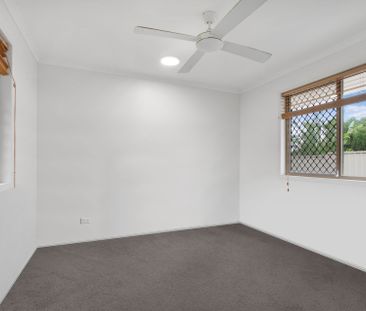 Large 3 Bedroom Home with Huge Backyard in Cul-De-Sac - Photo 6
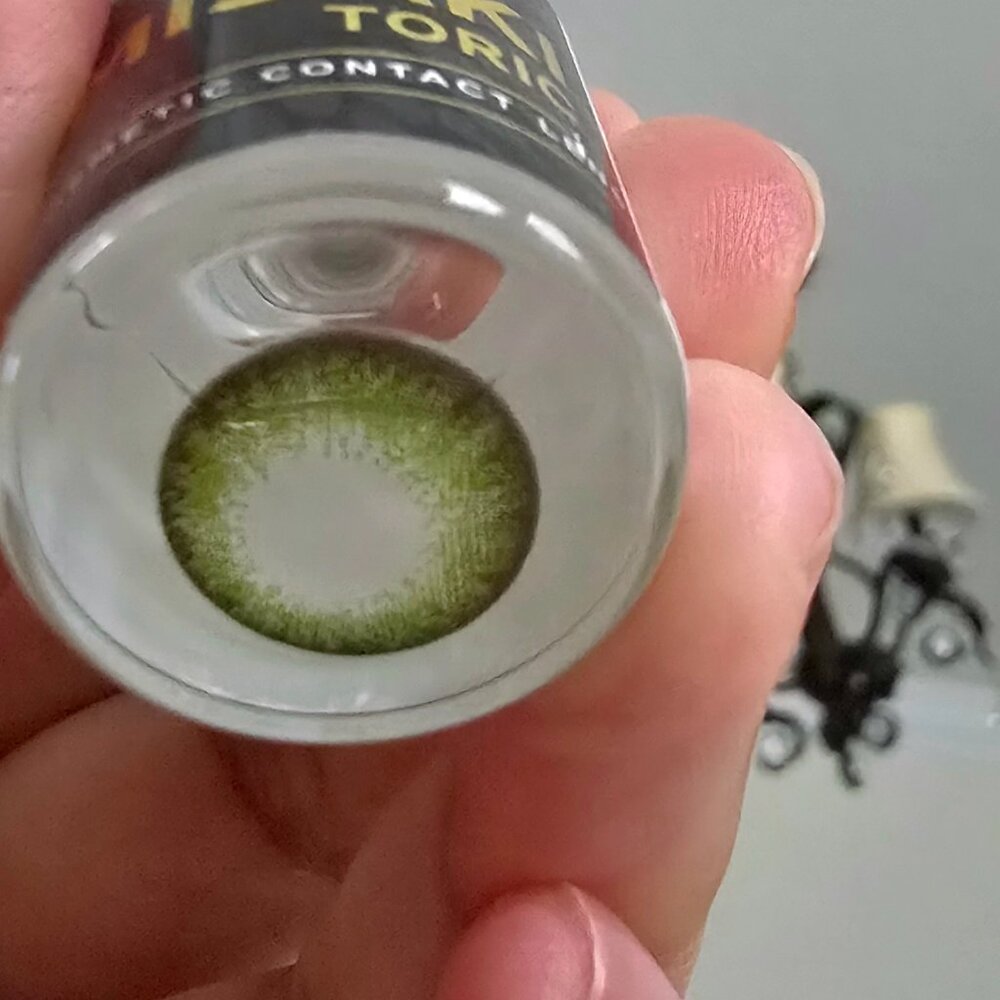 New Sealed Toric Green Lenses - Picture 3 of 6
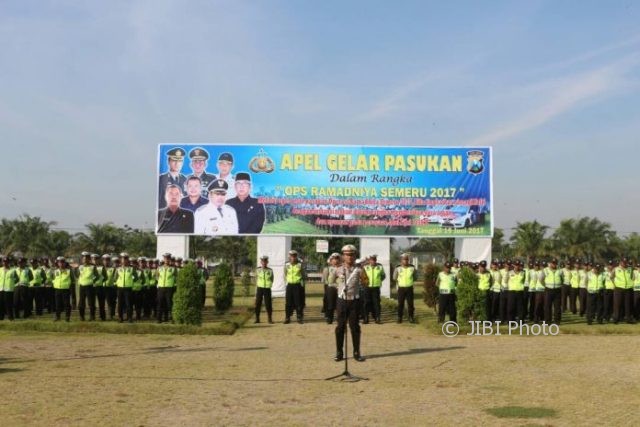 Sebanyak 488 personel gabungan mengikuti Apel Gelar Pasukan Operasi Ramadniya Semeru 2017 di Alun-alun Kabupaten Mejayan, Senin (19/6/2017). (Istimewa/Polres Madiun)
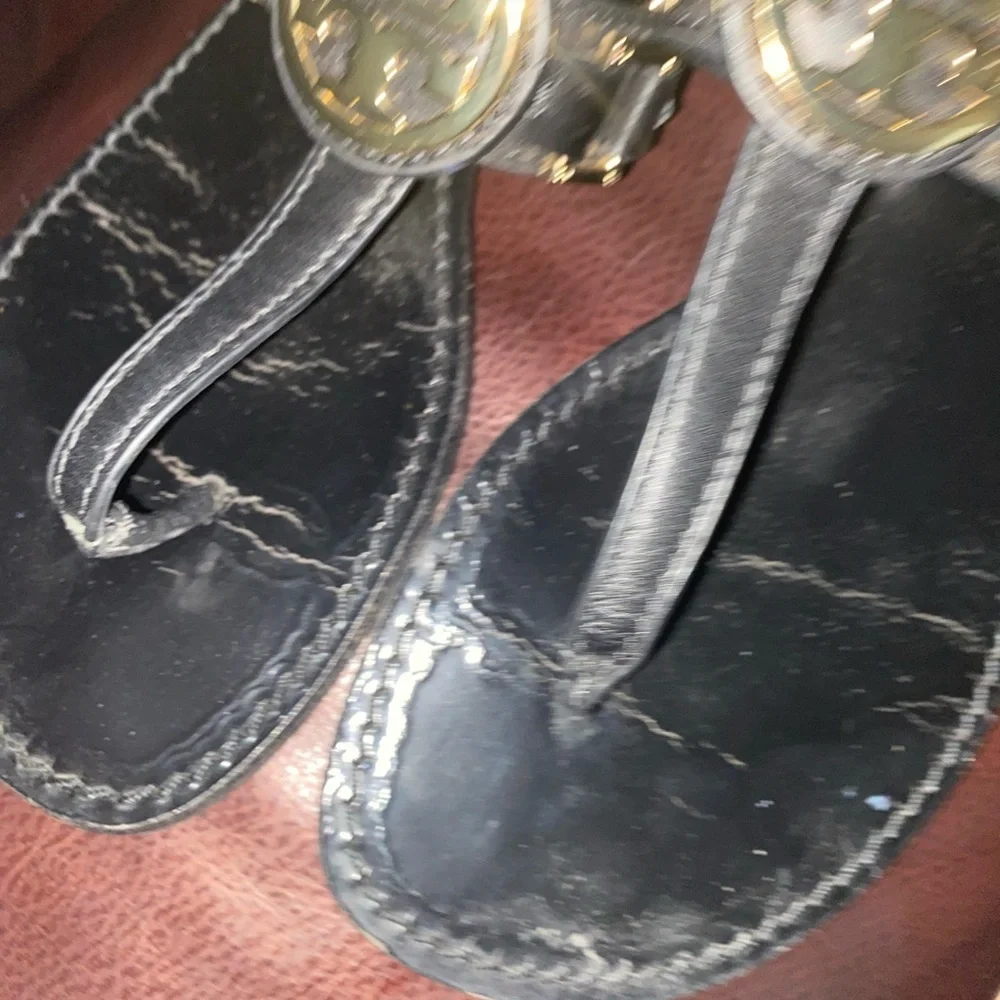 Tory Burch Cassia Black Leather Logo T-Strap Flat Thong Sandals Resortwear 7M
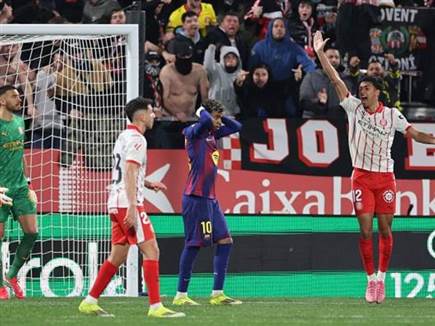 לאמין ימאל אחרי החמצת הפנדל (Getty)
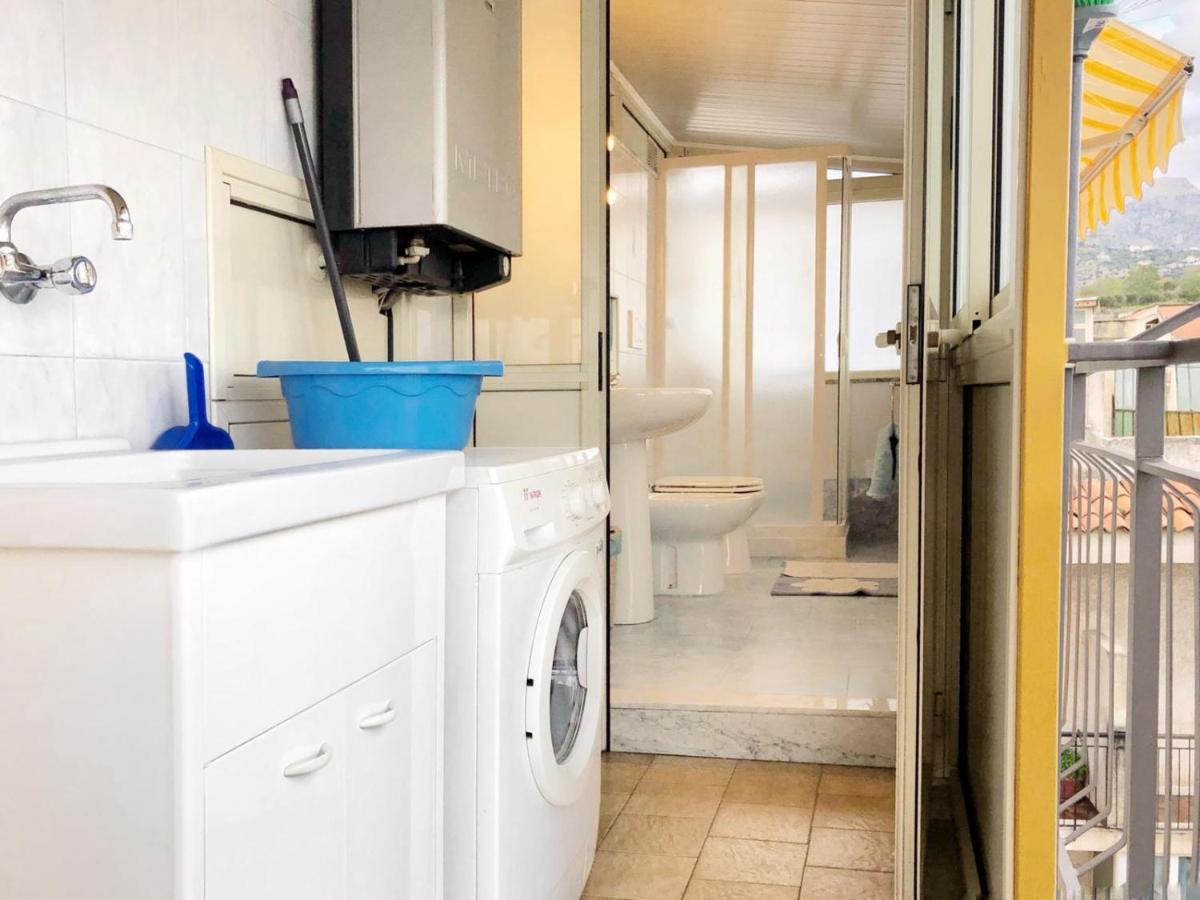 Apartamento Tiziana Giardini-Naxos Exterior foto
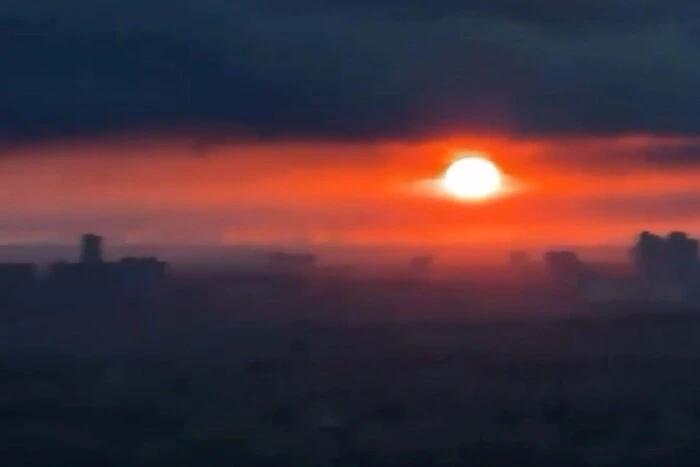 Світанок у чорних тонах: моторошні кадри затягнутого димом Києва після атаки РФ (відео)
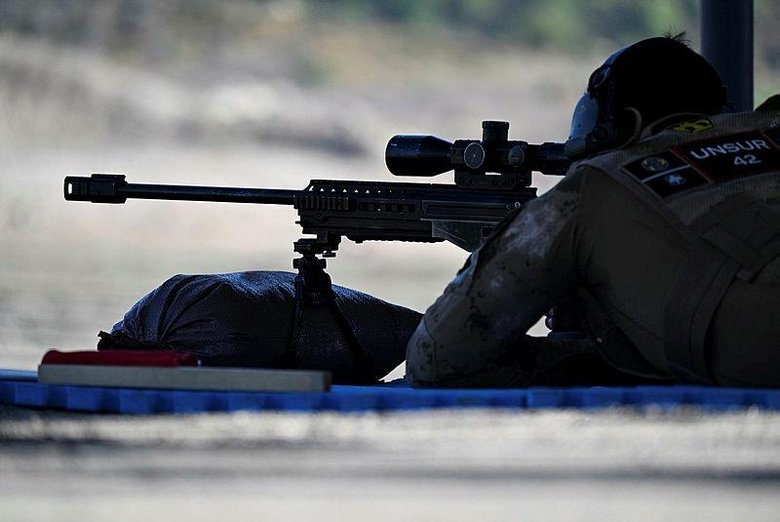 200 metreden anahtar deliği atışı! 184 keskin nişancı İzmir’de yarıştı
· · ·
**What you have to do:** With every picture omitted, write out the material exactly from its first line through the line containing "New Sealed Toric".

**Your solution:**
 Large 3 Bedroom Home with Huge Backyard in Cul-De-Sac - Photo 6
 New Sealed Toric Green Lenses - Picture 3 of 6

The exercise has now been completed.